In 2004 I shot this picture:
It was my Pontiac Sunfire flipping past 100,000 miles. Mike and I were on a road trip, we'd been to the NASCAR race in Bristol, TN. I'm sure I missed the 100,000 mile moment by 63 miles because the scenery was so beautiful on the drive home. I remember, though, being disappointed that it didn't happen in Michigan. I'd wanted to surprise my parents by picking them up for ice cream and watching the numbers. (Although there is no flipping back to zero anymore.)

So the picture above, with Kyle peeking at the baby chicks? It saved as image ooo1 on my camera. Yep, I flipped the "odometer" on my camera. I took the first picture with my Canon Rebel XTi on October 6, 2006. That means in 680 days I took 10,000 pictures. Even I am astounded by that. That is an average of close to 15 a day. But keep in mind that with digital I am all about quantity to get some quality. The fair pictures in the next post were narrowed to a dozen. I took 77 pictures at the fair, which is actually pretty tame for how many I've taken at an event like that before.

And now you all know why I have needed to purchase external hard drives. :-)

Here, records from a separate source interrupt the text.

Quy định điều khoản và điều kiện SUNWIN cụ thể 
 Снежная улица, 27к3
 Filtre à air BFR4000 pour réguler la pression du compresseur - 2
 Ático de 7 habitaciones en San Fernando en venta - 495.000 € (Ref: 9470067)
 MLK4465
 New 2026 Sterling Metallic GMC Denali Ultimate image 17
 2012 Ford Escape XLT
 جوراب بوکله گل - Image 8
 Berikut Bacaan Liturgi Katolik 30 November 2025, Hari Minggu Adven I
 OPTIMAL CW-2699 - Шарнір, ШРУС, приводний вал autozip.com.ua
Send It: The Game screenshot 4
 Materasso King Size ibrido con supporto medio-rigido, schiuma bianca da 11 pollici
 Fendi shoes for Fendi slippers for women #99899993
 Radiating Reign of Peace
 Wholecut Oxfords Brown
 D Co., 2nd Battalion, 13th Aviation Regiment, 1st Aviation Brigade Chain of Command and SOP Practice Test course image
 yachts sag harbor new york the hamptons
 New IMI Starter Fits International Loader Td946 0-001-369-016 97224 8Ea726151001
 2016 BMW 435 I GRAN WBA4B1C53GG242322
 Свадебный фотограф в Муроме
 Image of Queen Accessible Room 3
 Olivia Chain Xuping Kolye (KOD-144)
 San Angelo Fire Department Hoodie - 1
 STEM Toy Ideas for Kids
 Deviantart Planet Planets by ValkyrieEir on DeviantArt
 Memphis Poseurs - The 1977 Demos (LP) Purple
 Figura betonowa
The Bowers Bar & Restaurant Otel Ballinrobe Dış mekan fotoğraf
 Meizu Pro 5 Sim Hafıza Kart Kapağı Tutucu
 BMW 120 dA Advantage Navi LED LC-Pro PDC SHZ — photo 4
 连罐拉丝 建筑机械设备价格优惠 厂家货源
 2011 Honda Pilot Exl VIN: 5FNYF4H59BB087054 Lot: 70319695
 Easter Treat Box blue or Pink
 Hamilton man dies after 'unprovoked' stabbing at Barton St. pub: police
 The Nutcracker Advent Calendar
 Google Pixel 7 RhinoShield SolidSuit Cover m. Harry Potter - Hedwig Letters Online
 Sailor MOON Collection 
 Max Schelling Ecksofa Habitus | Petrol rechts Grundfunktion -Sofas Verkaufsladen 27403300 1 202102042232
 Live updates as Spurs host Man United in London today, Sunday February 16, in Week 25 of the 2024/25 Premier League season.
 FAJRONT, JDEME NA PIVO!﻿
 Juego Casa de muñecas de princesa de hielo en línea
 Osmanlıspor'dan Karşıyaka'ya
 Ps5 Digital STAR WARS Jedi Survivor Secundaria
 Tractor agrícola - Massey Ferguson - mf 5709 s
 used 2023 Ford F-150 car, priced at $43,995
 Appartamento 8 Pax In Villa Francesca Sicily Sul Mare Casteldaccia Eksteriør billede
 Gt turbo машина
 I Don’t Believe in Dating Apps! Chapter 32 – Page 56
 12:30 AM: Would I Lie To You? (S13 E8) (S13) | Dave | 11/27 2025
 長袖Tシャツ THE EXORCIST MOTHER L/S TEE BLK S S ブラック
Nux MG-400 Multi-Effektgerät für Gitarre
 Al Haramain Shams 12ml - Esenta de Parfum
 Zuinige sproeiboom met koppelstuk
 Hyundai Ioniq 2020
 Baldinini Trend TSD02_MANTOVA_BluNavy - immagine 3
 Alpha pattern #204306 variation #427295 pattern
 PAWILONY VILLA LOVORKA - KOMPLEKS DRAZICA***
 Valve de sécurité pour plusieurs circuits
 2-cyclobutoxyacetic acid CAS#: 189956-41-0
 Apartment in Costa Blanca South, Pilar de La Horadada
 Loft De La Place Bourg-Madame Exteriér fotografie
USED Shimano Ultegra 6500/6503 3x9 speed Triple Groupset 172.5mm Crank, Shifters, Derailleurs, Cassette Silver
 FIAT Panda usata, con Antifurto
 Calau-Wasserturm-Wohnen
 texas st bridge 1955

And Nan, if you read this, I'm sure you've beat me hands down on photo counts!

3 comments:

Valerie said...

That's actually pretty cool!

Anonymous said...

That is so cool Laura! Along that lines, my first car was a 1968 Plymouth Valiant. My parents used to go away on the weekends, and my dad would write down the mileage on the car before he left. Well, guess what we figured out? When you drove in reverse, the mileage also went backwards. Awww, the fun we had driving backwards in the church parking lot. Cars certainly don't do that anymore either! LOL!

Colleen said...

What a memory! and Christine...too funny!